Problem statement |
Please output exactly the lines below, starting at the line that has "Samsung Galaxy Tab" and ending at the line that has "Fourreau Cutter En", both included; leave out all pictures and include nothing else.

Source records |
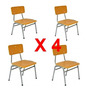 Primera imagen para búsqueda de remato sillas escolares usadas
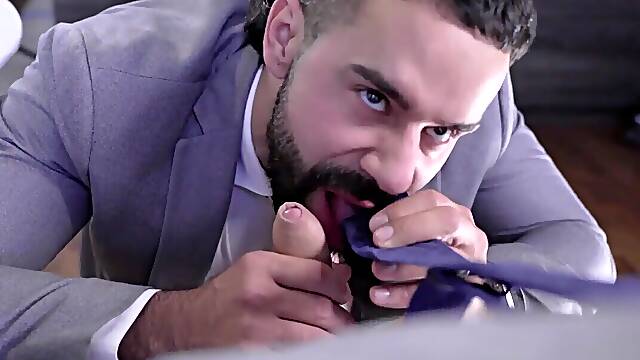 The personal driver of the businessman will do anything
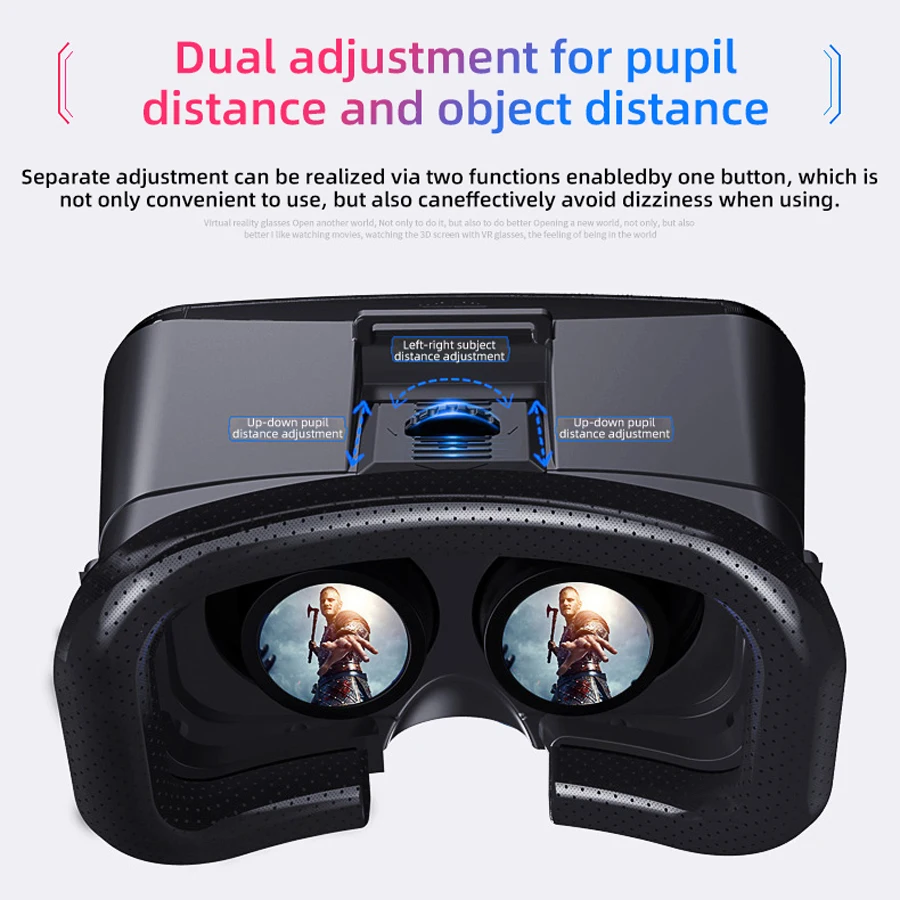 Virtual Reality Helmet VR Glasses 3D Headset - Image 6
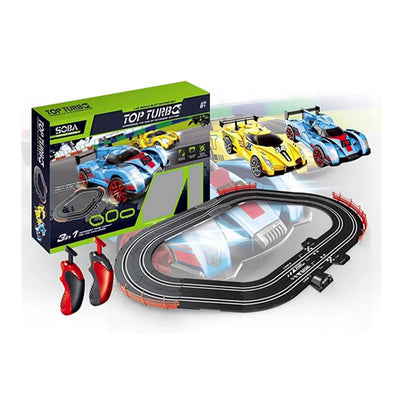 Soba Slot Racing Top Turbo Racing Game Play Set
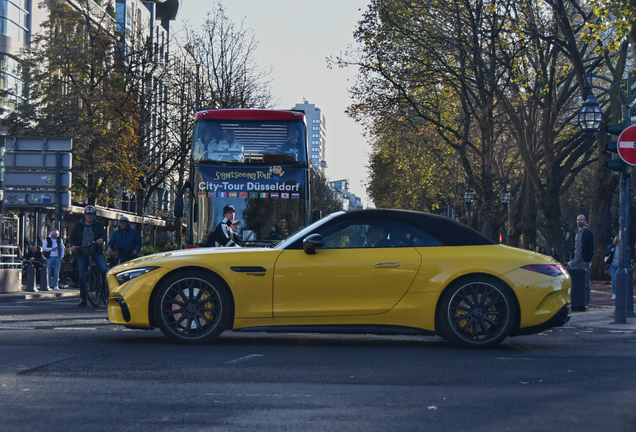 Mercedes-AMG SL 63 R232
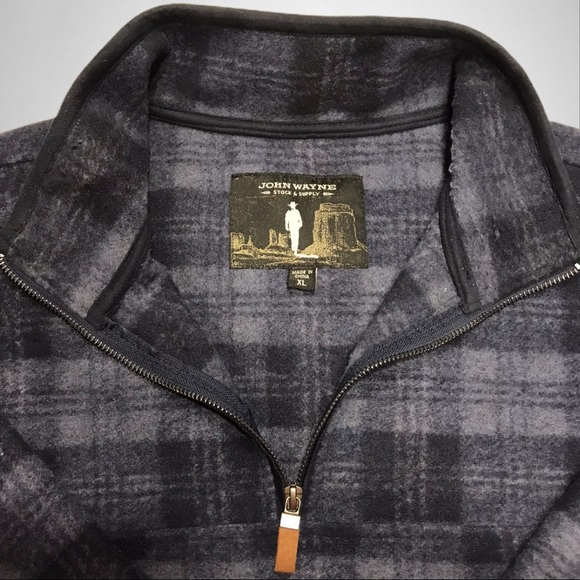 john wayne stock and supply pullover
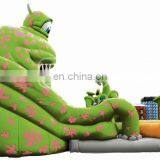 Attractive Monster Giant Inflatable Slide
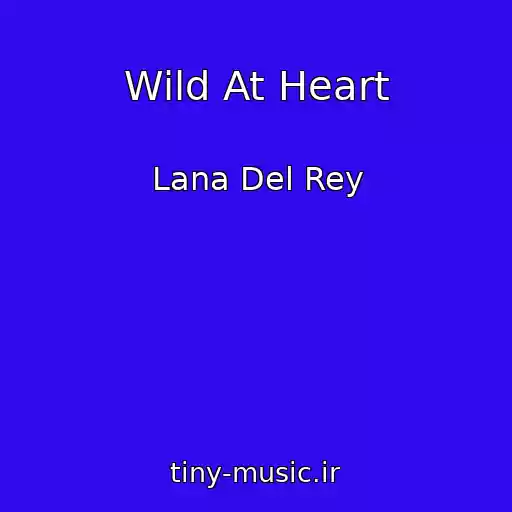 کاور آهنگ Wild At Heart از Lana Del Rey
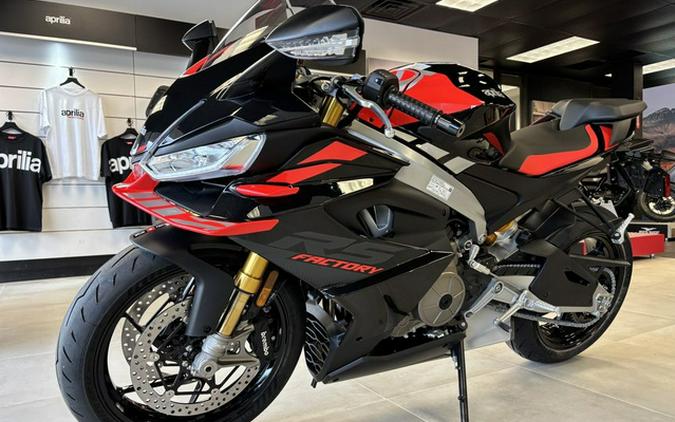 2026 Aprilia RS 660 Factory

==

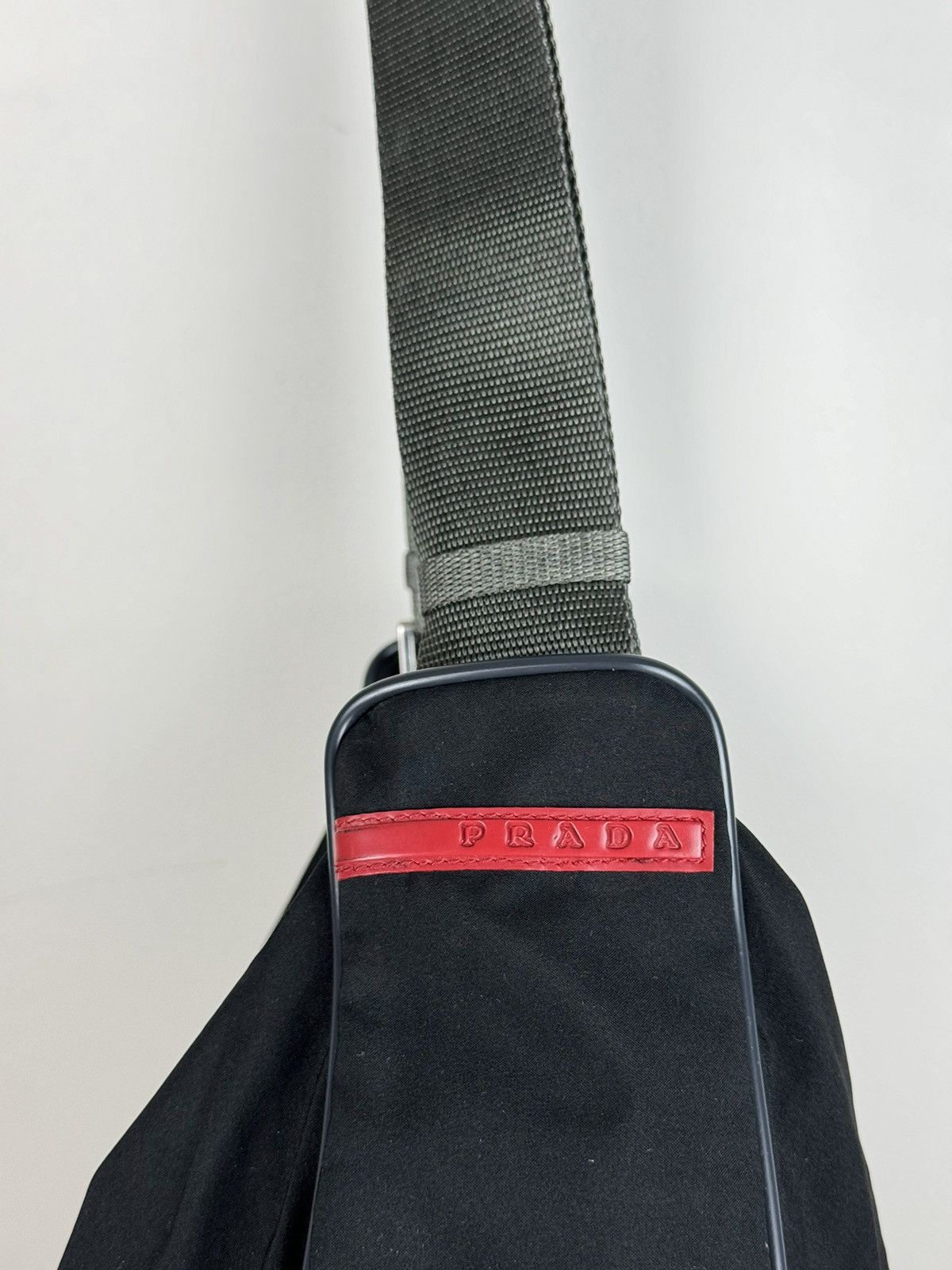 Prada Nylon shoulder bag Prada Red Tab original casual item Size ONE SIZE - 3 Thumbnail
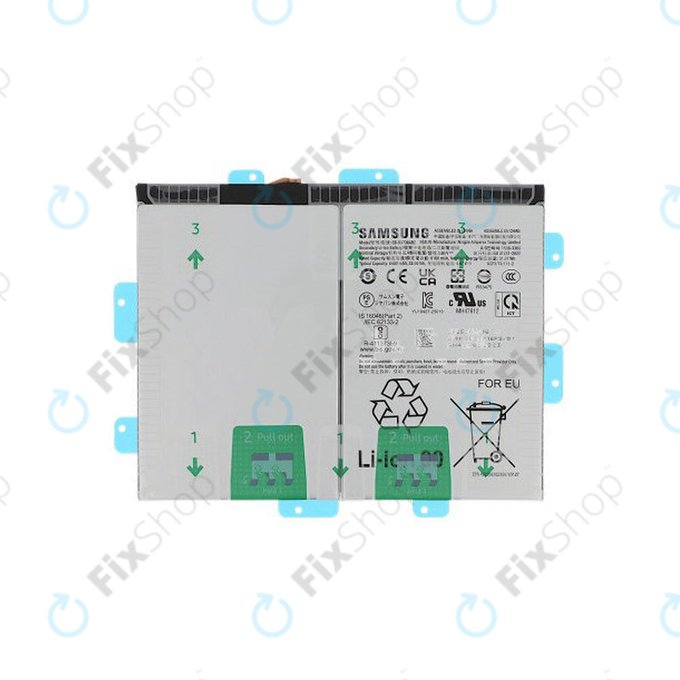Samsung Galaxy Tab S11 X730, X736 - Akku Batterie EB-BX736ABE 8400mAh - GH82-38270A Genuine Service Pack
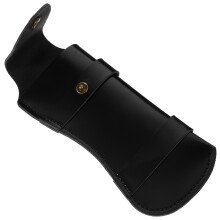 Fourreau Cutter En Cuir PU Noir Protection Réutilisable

Answer for the task |
Samsung Galaxy Tab S11 X730, X736 - Akku Batterie EB-BX736ABE 8400mAh - GH82-38270A Genuine Service Pack
 Fourreau Cutter En Cuir PU Noir Protection Réutilisable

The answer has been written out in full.